經歷了在山峰上的交流,經過了一夜的思考,第二天一早,葉鷹就和龍昭回到了松濤聽梅園。沒有驚動任何人,兩人來到了唐玲的房間,看到門口的兩個寒霜衛,葉鷹有些意外。
「公子——」兩人驚喜的和葉鷹打招呼,想要說些什麼,可是又不知道該說什麼才好。
葉鷹點了點頭,推開門走了進去,早有聽見門外聲音的房內兩個寒霜衛恭立一旁,聲音充滿了驚喜,「見過公子。

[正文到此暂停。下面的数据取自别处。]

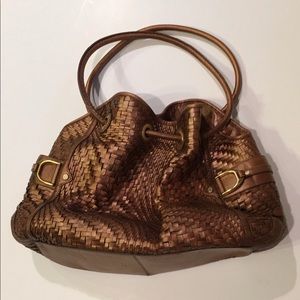 Cole Haan Genevieve Woven Gold Bag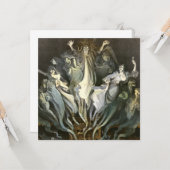 ヴィンテージハロウィーン、スケルトンバイオリニストと幽霊たち カード (正面/裏面インサイチュ)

」
葉鷹皺了皺眉,說道,「你們也去休息吧。」
人退了出去,臨走將門從外面虛掩上了。
「玉倩還真是小心。」葉鷹沉默了片刻,也不知道該怎麼開口是好,便有些自嘲的這麼說,似乎在遮掩什麼。
望著窗外的唐玲,自然知道幾個寒霜衛口中的「公子」是何人,但仍然沒有回頭。並不是她不激動,恰恰相反,從她不斷抖動的雙肩就能看出葉鷹這麼快重新出現在她的房間她有意外、多激動了;她是因為太激動,不願意讓二人看到自己流淚的淒慘樣子,才不敢回過頭的。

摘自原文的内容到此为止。